(DATASET RECORDS begins)

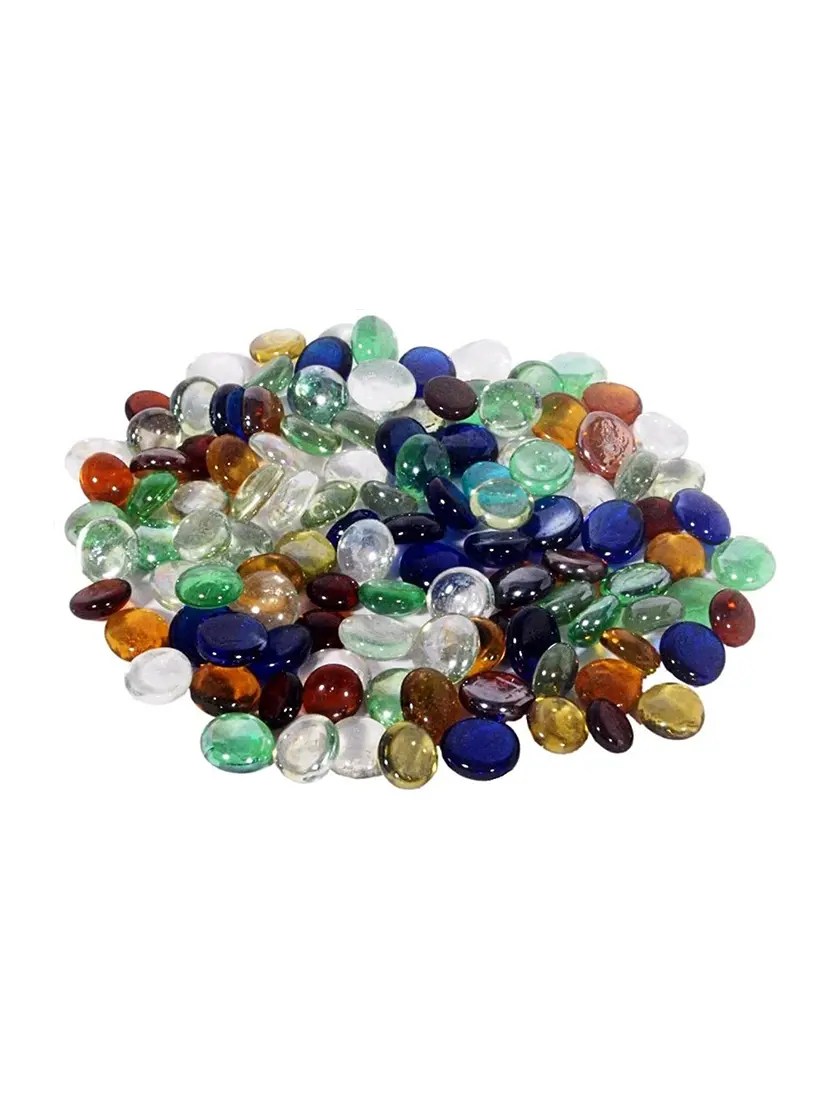 Decorative Glass Pebbles For Gardens Shelly Lighting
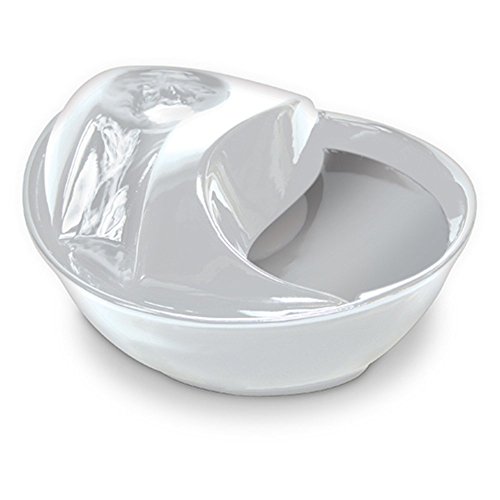 Pioneer Pet Raindrop Ceramic Drinking Fountain for Pets, White von Pioneer Pet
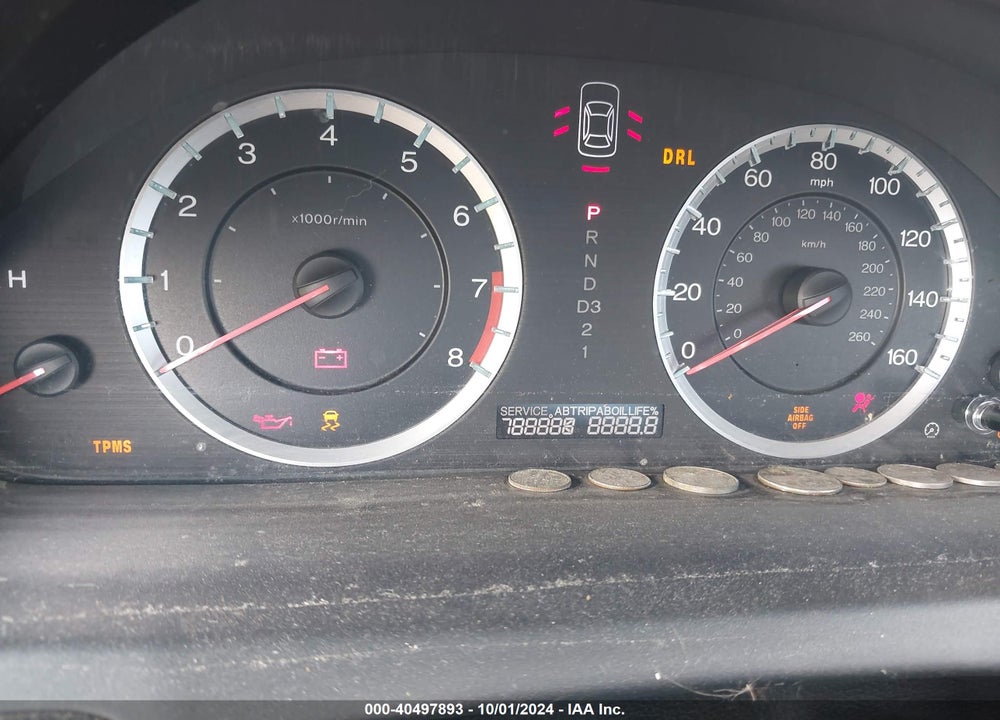 2011 HONDA ACCORD 3.5 EX-L VIN: 5KBCP3F82BB001812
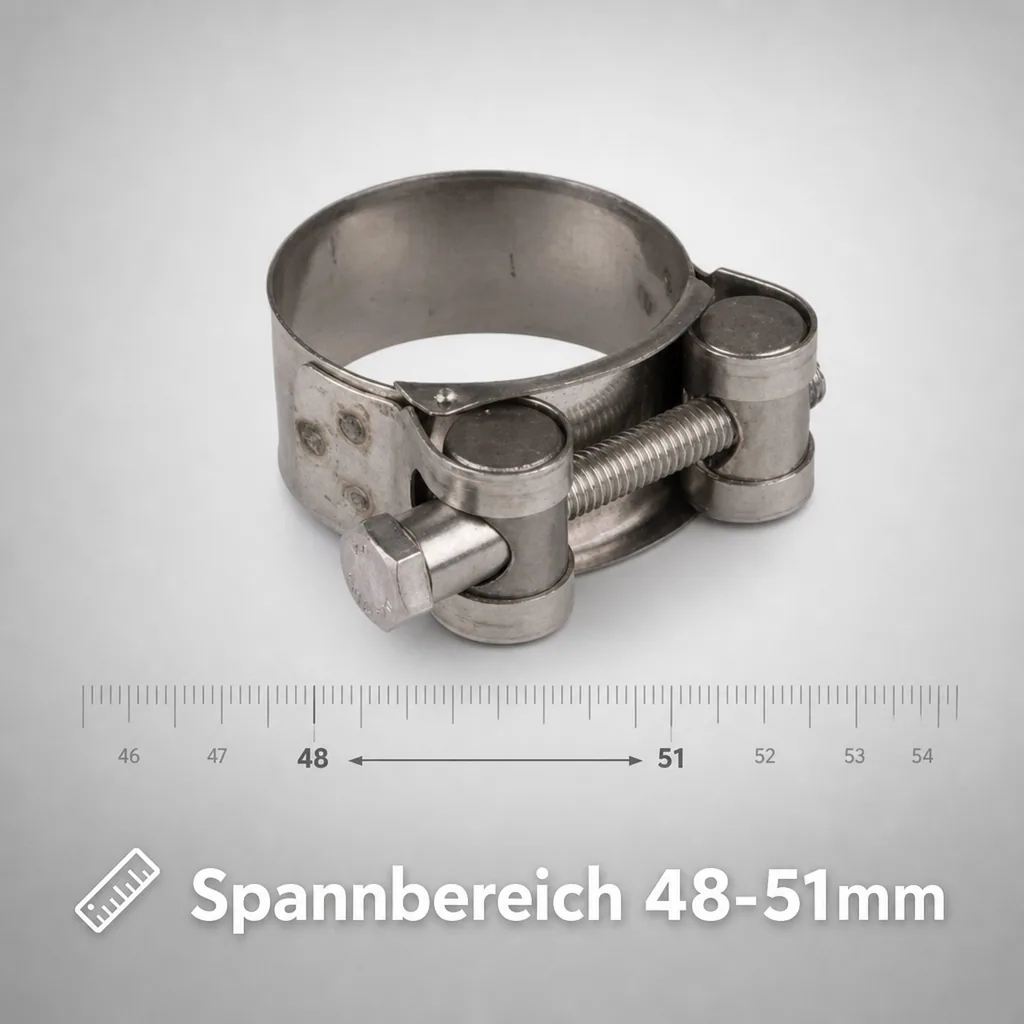 W2 Spannbacken-/ Gelenkbolzschellen 48-51mm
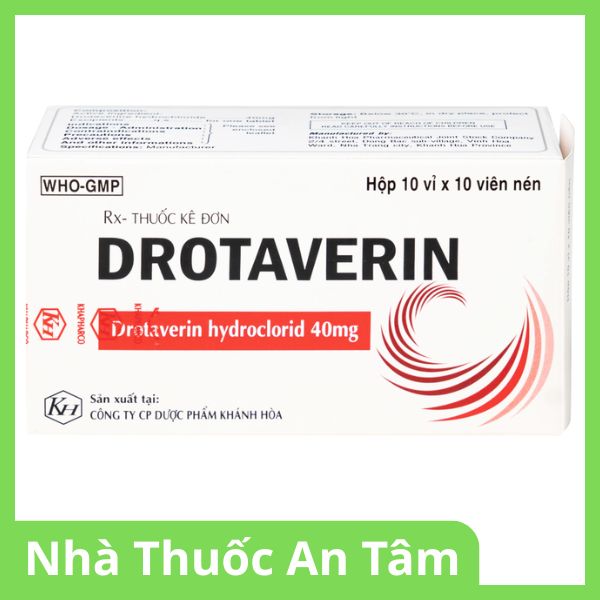 Viên nén Drotaverin 40mg điều trị cơn co thắt dạ dày và ruột, hội chứng ruột bị kích thích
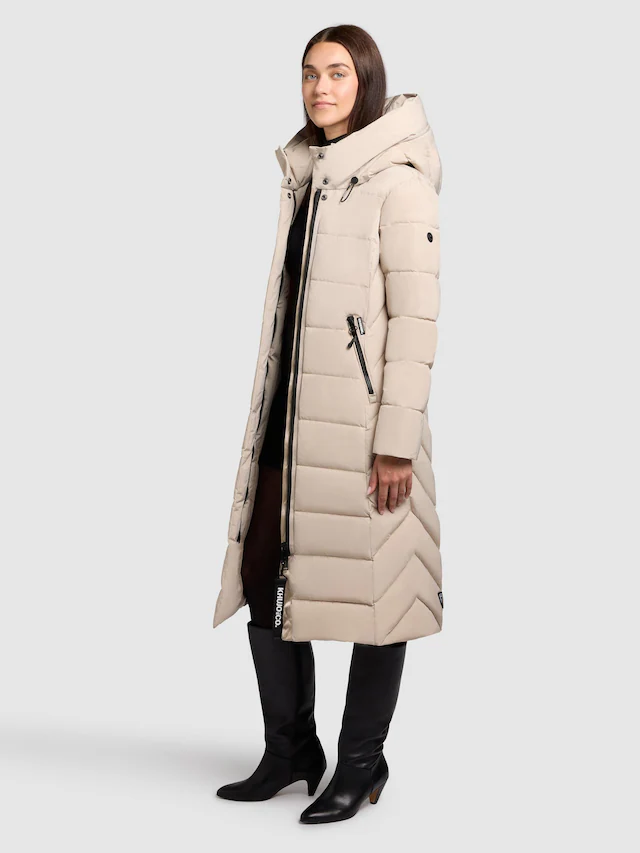 khujo Wintermantel »Sensy-YM« Warmer Steppmantel mit Kapuze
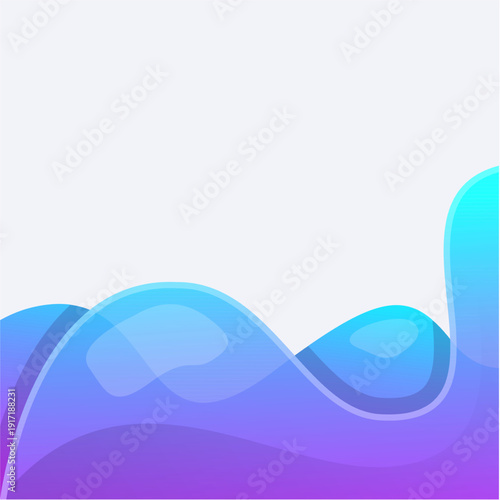awesome liquid background with purple gradient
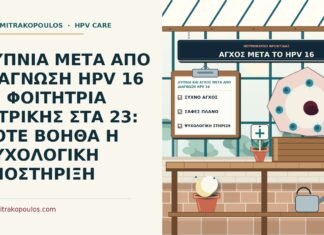 αϋπνία και άγχος μετά από διάγνωση HPV 16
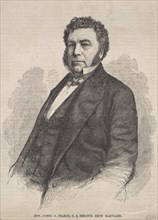 Hon. James A. Pearce, U. S. Senator from Maryland, 1859. Winslow Homer (American, 1836-1910). Wood
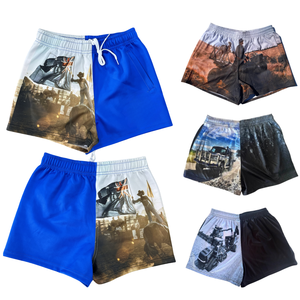 Shorts de football australien personnalisés à motif écossais pour hommes et femmes, avec poches zippées, style natif australien - Product Image 2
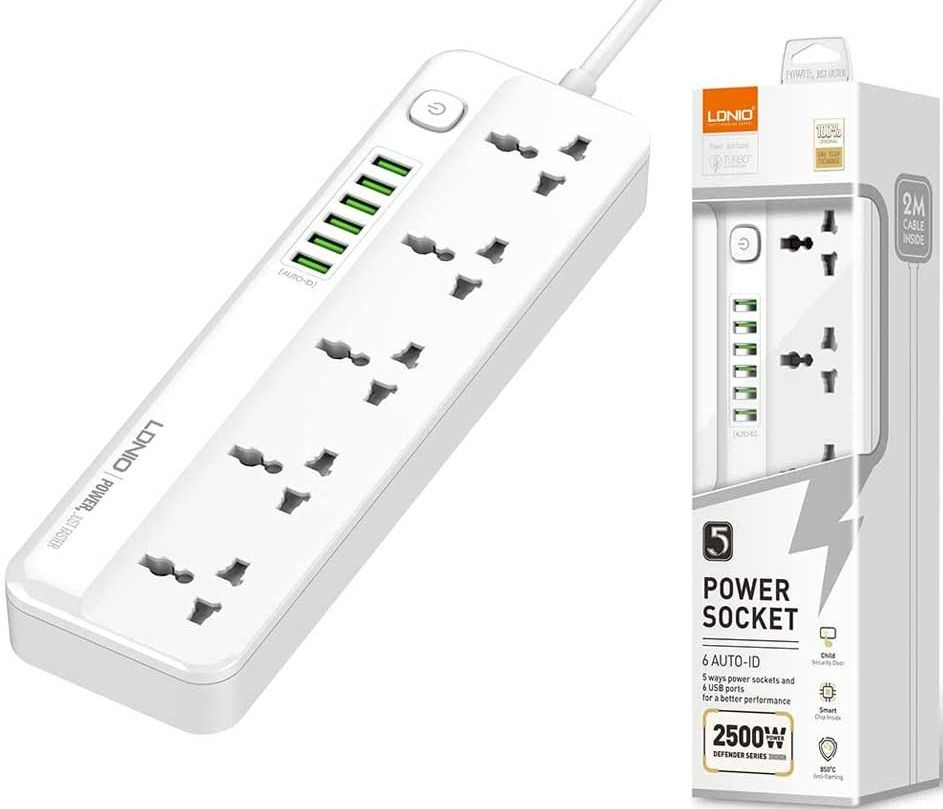 LDNIO SC5614 ΓÇô Multi Power Socket WireCord (5 Plug + 6 USB)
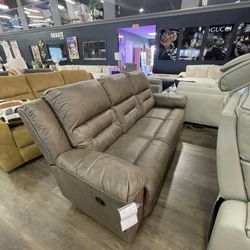 Fossil Manual Reclining Sofa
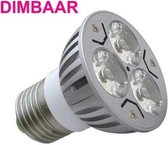 LED Spot Koel Wit - 6 Watt - E27 - Dimbaar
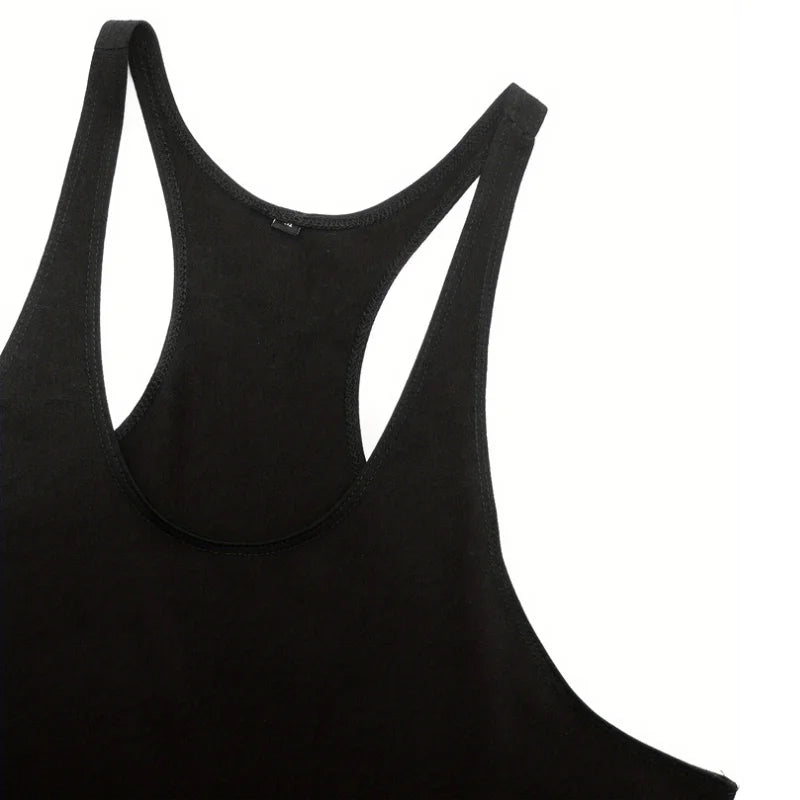 Spider Print Fitness Tank Top Fitness Shirt Muscle Men's Single Tank Top Men's Sleeveless Sweatshirt Men's Tops Fitness Clothing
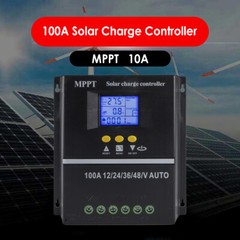 100A Solar Charge Controller – For RV, Camping & Off-Grid Solar Systems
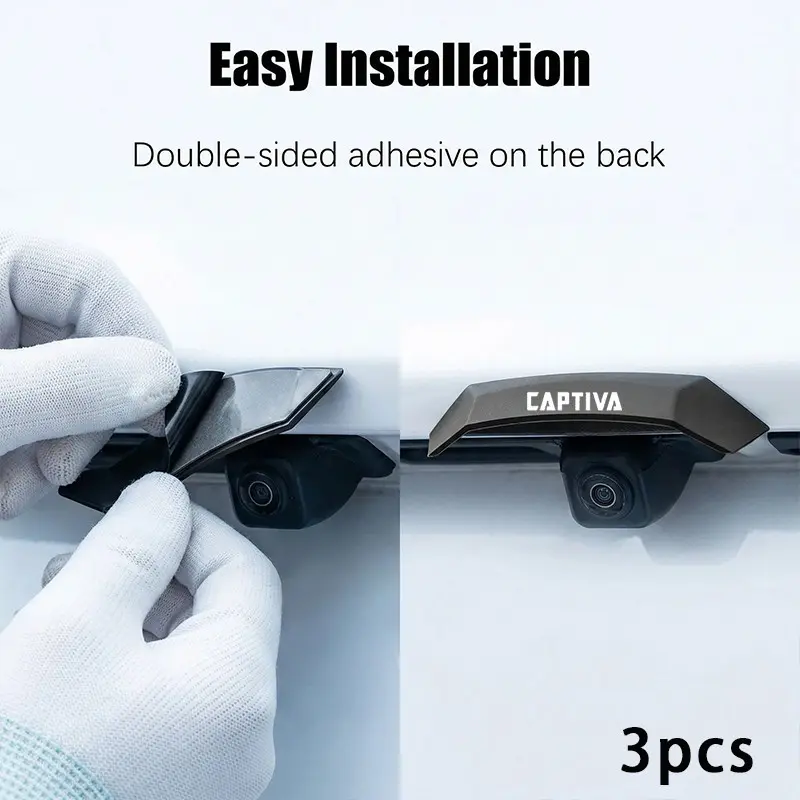 Chevrolet Captiva 3pcs Rain Shield, Universal Rear Camera Protection Cover, Low-Profile Sunshade, Easy Install, Practical Design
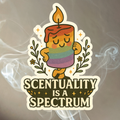 'Scentuality is a Spectrum' Sticker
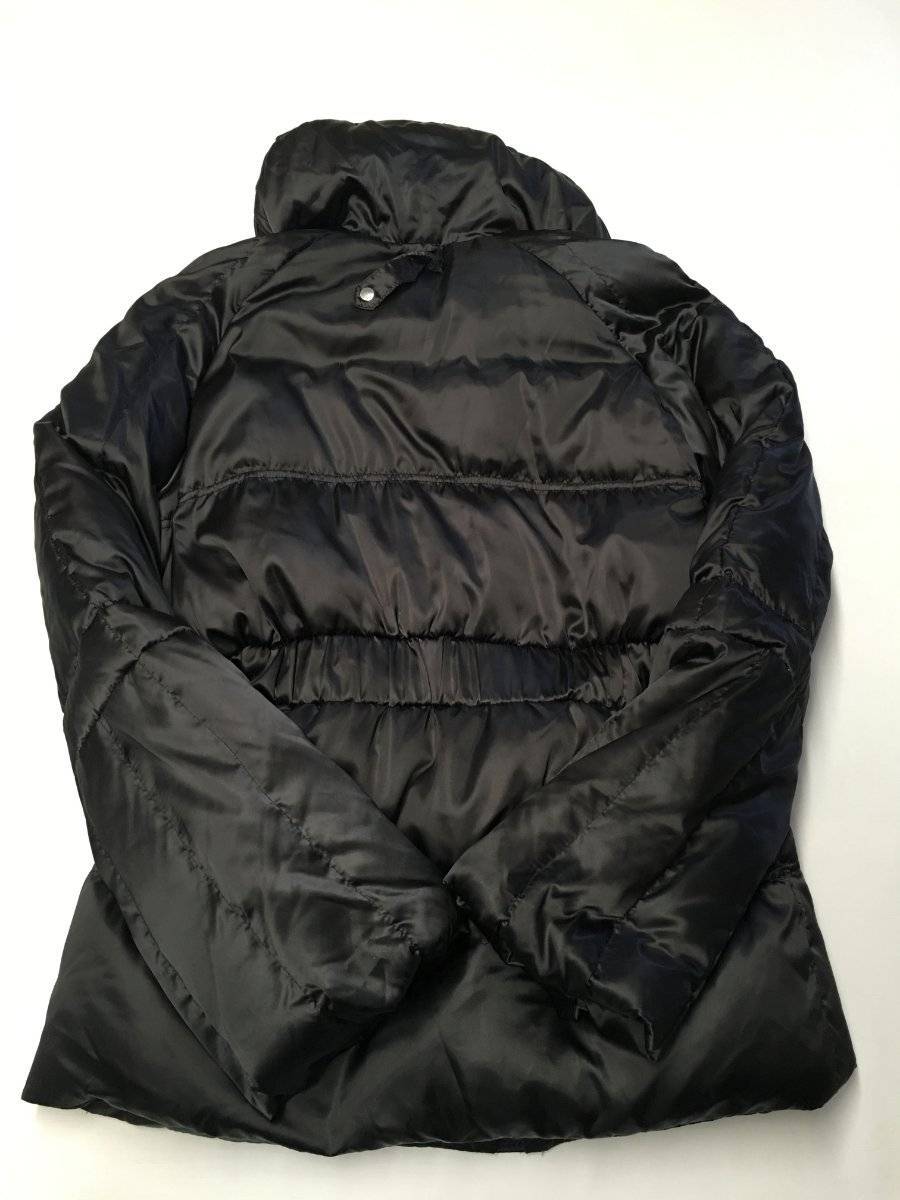 Womens ABS SILVER LABEL Black Feather Down Puffer Jacket Sz M eBay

(DATASET RECORDS ends)

» **WORK INSTRUCTIONS**: Reproduce all entries above exactly, minus the images.

» **WRITTEN ANSWER**:
 Decorative Glass Pebbles For Gardens Shelly Lighting
 Pioneer Pet Raindrop Ceramic Drinking Fountain for Pets, White von Pioneer Pet
 2011 HONDA ACCORD 3.5 EX-L VIN: 5KBCP3F82BB001812
 W2 Spannbacken-/ Gelenkbolzschellen 48-51mm
 Viên nén Drotaverin 40mg điều trị cơn co thắt dạ dày và ruột, hội chứng ruột bị kích thích
 khujo Wintermantel »Sensy-YM« Warmer Steppmantel mit Kapuze
awesome liquid background with purple gradient
 αϋπνία και άγχος μετά από διάγνωση HPV 16
 Hon. James A. Pearce, U. S. Senator from Maryland, 1859. Winslow Homer (American, 1836-1910). Wood
 Shorts de football australien personnalisés à motif écossais pour hommes et femmes, avec poches zippées, style natif australien - Product Image 2
 LDNIO SC5614 ΓÇô Multi Power Socket WireCord (5 Plug + 6 USB)
 Fossil Manual Reclining Sofa
 LED Spot Koel Wit - 6 Watt - E27 - Dimbaar
 Spider Print Fitness Tank Top Fitness Shirt Muscle Men's Single Tank Top Men's Sleeveless Sweatshirt Men's Tops Fitness Clothing
 100A Solar Charge Controller – For RV, Camping & Off-Grid Solar Systems
 Chevrolet Captiva 3pcs Rain Shield, Universal Rear Camera Protection Cover, Low-Profile Sunshade, Easy Install, Practical Design
 'Scentuality is a Spectrum' Sticker
 Womens ABS SILVER LABEL Black Feather Down Puffer Jacket Sz M eBay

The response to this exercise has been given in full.